With a jubliant fist pump to the Gods, I slap on the headphones and hit the play button... Nothing...

"No batteries," I say to myself, "I need some double A's, A.S.A.P." With that I run into the night.

It had been quite some time since I had heard recorded music, my favourite song of all time being 'Stairway To Heaven'. Although it was thoughtful of Old Eric to break out his instrument and play it for me on several occasions around the campfire, Led Zepplin just hadn't had the same effect on the spoons.

"Larry!" I call into the darness of the shanty town, "Larry! Where are you!"

"I'm right here you retard, what do you want?"

"Gimme the batteries outta your Glo Worm, I need them right now!" I scream.

"...but how am I gonna get to sleep..." A frown on his face told the story, Larry is afraid of the dark.

I reach into my pocket and pull out my sleep aid, "Trade you a fifth of Ripple." I smile.

"DEAL!" He grins back, not a tooth in his head.

With thoughts of music in my head I rip open the toy and pull out its batteries. As I put the headphones to my ears I feel the excitement. I open up the deck to see what is in the machine...

"Falco 3?"

*Play*

"*THUMP THUMP* Ohhh, rock me Amadeus. *THUMP THUMP*"

Whoa.

Wednesday, August 27, 2008

The Guns of Navarone



In international news, local oaf Joe Legere wins the World Series of Arm-Wrestling, only to have it stripped from him 3 seconds later when he was disqualified for using two hands and his teeth. When we tried to contact Mr. Legere for comments his father told our reporters that he was drunk in the basement, and not accepting calls. Reuters

Tuesday, August 26, 2008

Movie Review: The Substitute(1996) Tom Berenger


One word. Awesome. This film falls in under the category of my favourite type of flicks, teenagers getting beat up by highly trained mercenaries. Berenger comes into town and elbow smashes everything in sight and attempts to blow up a school in order to help the children. If you like seeing punk kids getting shot by people impersonating teachers, then "The Subsitute" is for you. An instant classic.

Monday, August 25, 2008

Rollin' at the Casino

I roll down the strip with a stash of 20's in my pocket.
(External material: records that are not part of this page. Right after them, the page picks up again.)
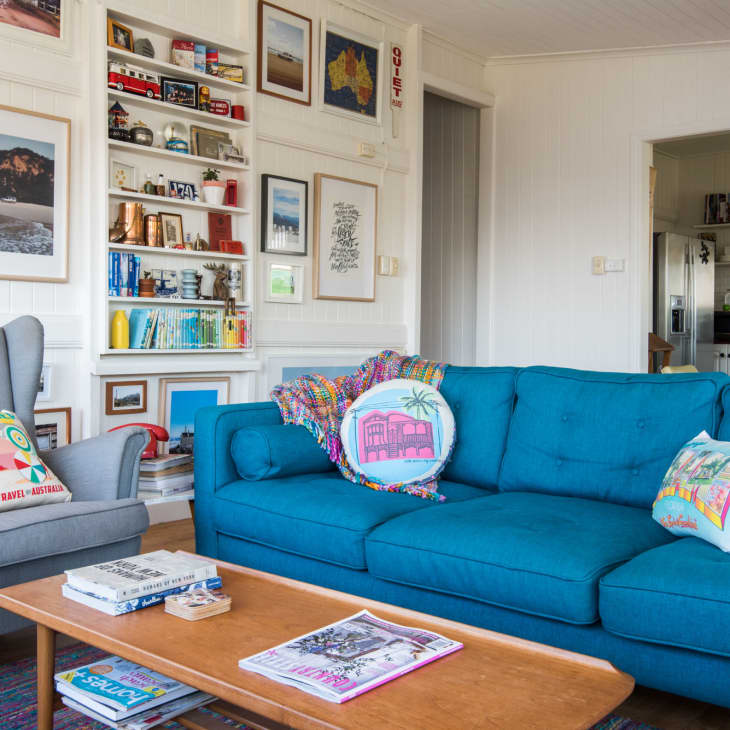 Living room with blue sofa, colorful pillows, gray armchair, and wall art; open view to kitchen with white cabinets.
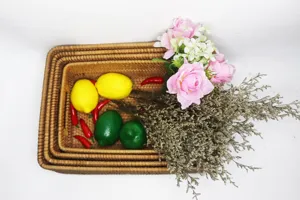 Detailed top view of nested rectangular woven rattan storage baskets with artificial fruit decor.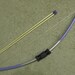Sm. Bow  age 3-7, 5 extra arrows - lavendar and silver or purple & silver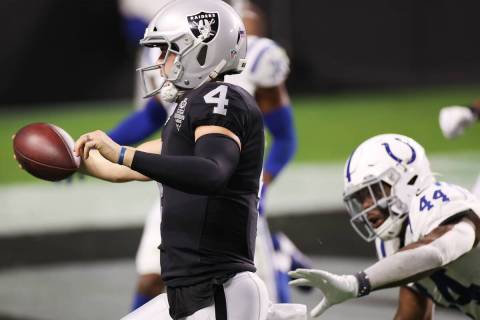 Raiders quarterback Derek Carr (4) runs for a touchdown against the Indianapolis Colts in the f ...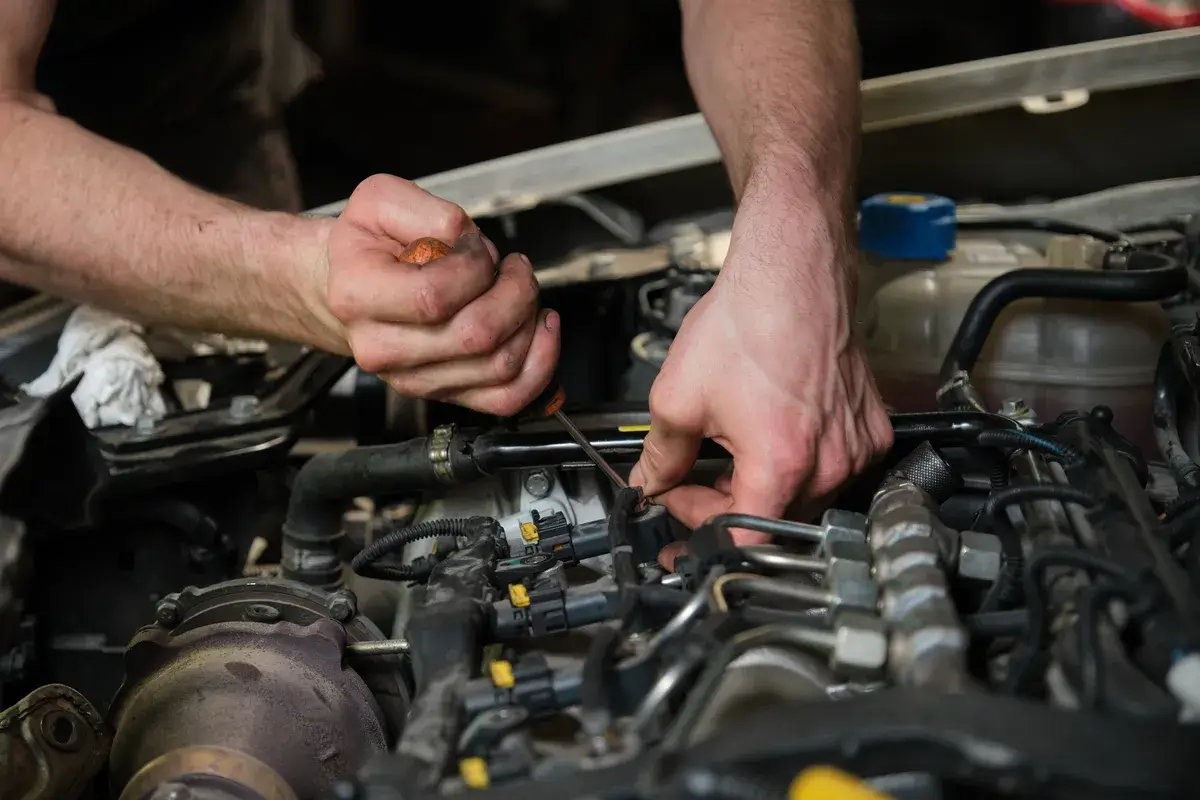 technician-removing-fuel-injectors
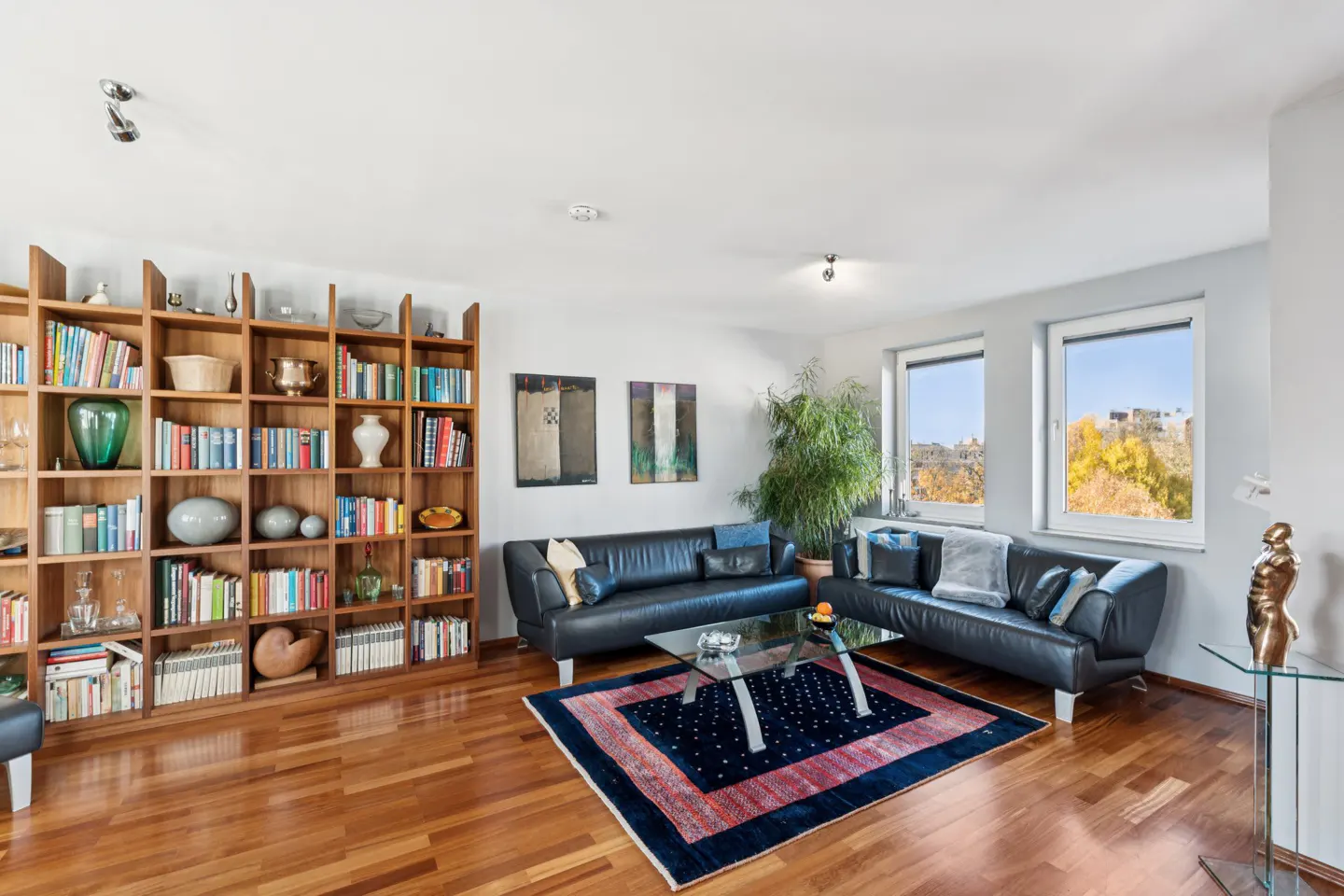 Living room with hardwood floors, a large bookcase, two black leather sofas, and a glass coffee table on a blue rug.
I've been rollin' drunks and collecting bottles all day, now it's time to make some smart investments. Freedom 21, days that is.

"Gimme a stack." I say to the dealer at the blackjack table, a pretty little number in a tight black skirt. "I want them all in $5's." That got her attention.

"A high roller eh? Well, I better treat you nice..." She pushes the stack of chips closer to me. As she bends down I catch a glimpse of her chest. Is she intentionally showing me her tits? Probably, I look pretty good in my red chucks.

With the dealer showing a 5 I look down at a 4 and a 7, "Double down baby." I state coolly, "and show me some paint." Bam! Jack of hearts. "Push me $9 sweet heart, keep a buck for yourself."

"Thank you sir." I can see her getting wet between the thighs, and I decide to take a pull on the Olde English I have in a bag under the table. The warm bitter taste rolls down my throat, and a little out the side of my mouth, if I had been wearing a shirt, it might had stained.

I say aloud to the table, "That's enough foreplay, let's finish what we started." as I push all my chips to the line I run my fingers through my hair, suave and sophisticated... Oh! I found a chicken wing!

With my $49 dollars straddling the line a long with my dignity, I can see a smile on the dealers face. If I win this, she's mine.

"21. Blackjack. Dealer wins" She sweeps all the chips off the table, and I am left penny less. With what pride I can muster I come up with something witty to say to the lady dealer.

"You stupid bitch!!! I'm gonna cut you!!! I'm gonna cut all of youse!!!"

As I'm escorted out by the security guards I poop in my hand and smear it on a patrons face. "Eat my misery!!! It tastes like peanuts."